**The data**:
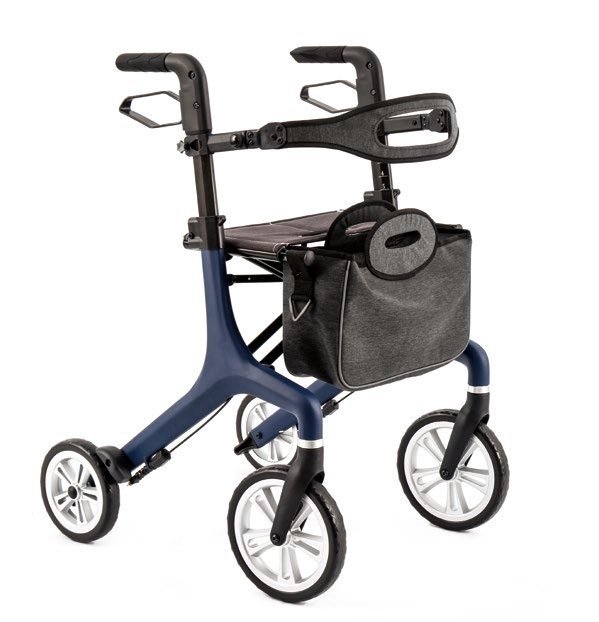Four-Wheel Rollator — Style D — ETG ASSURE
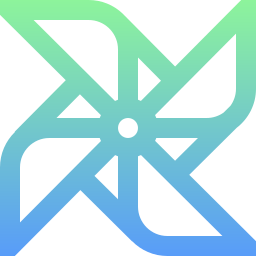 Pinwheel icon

==

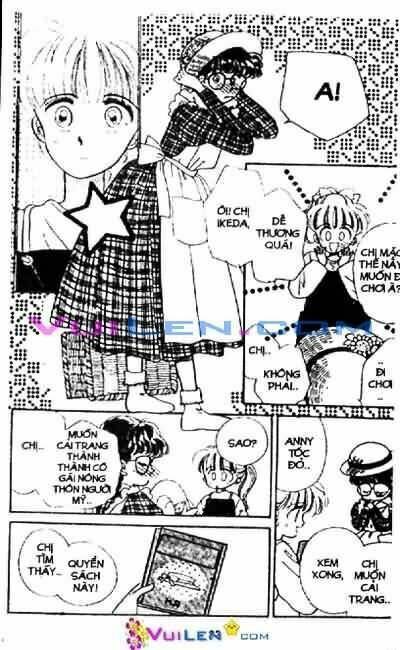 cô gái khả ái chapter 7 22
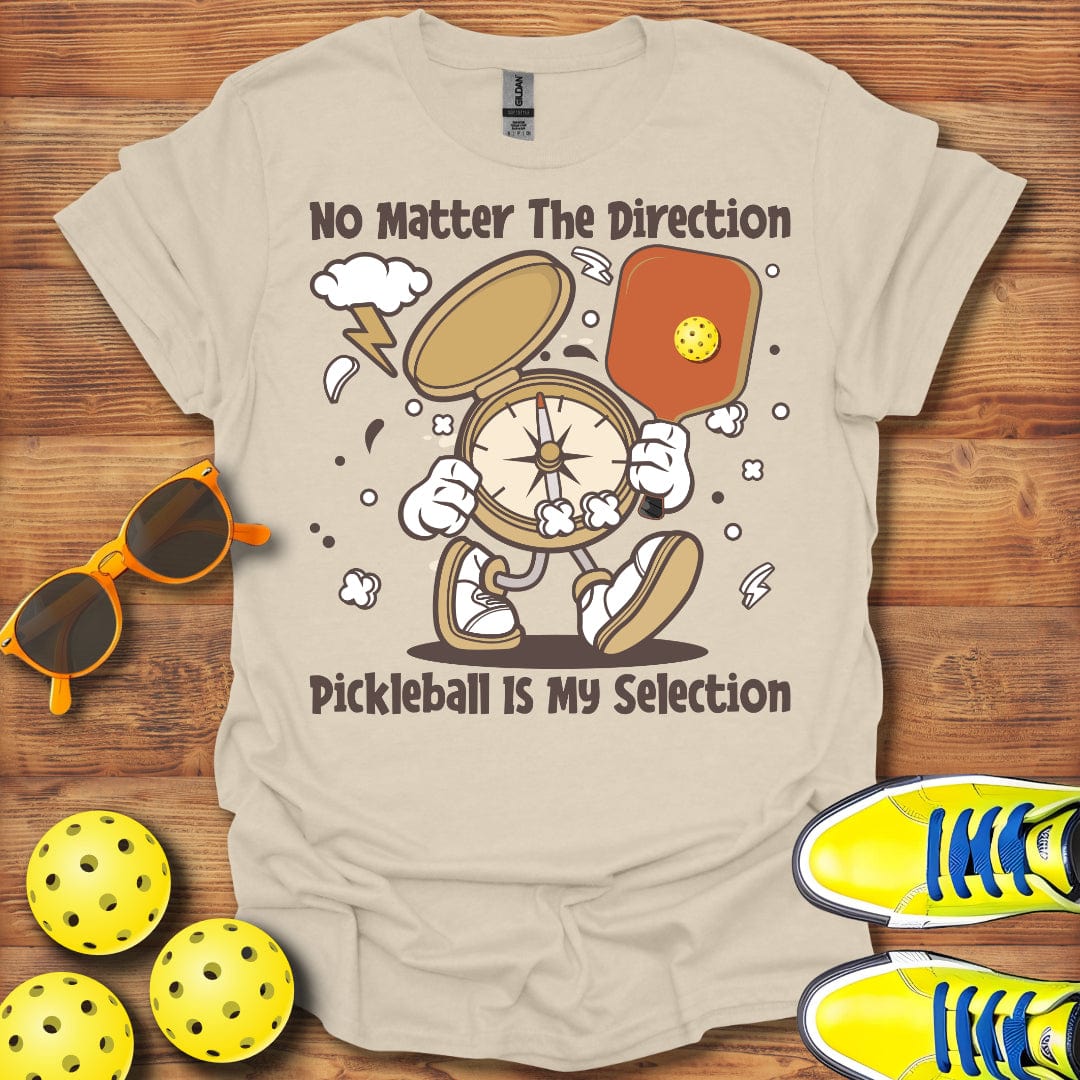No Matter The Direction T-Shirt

* * *

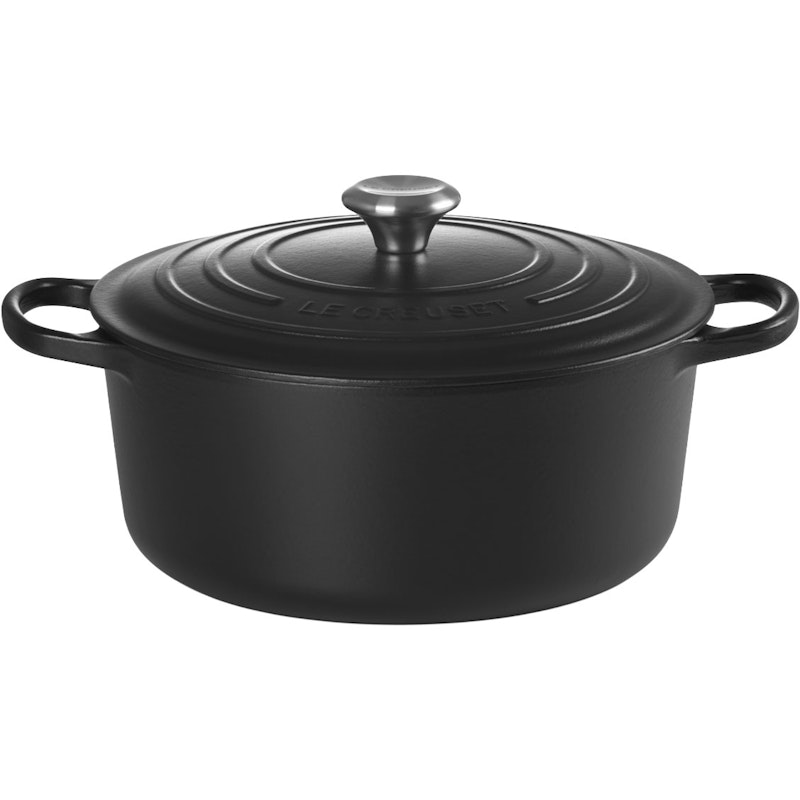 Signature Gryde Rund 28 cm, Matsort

**Exercise goal**: Exactly the lines above, from the one containing "Four-Wheel Rollator — Style D — ETG ASSURE" down to the one containing "Pinwheel icon", are to be repeated, including both ends. Pictures are not part of the copy.

**Exercise solution**:
Four-Wheel Rollator — Style D — ETG ASSURE
 Pinwheel icon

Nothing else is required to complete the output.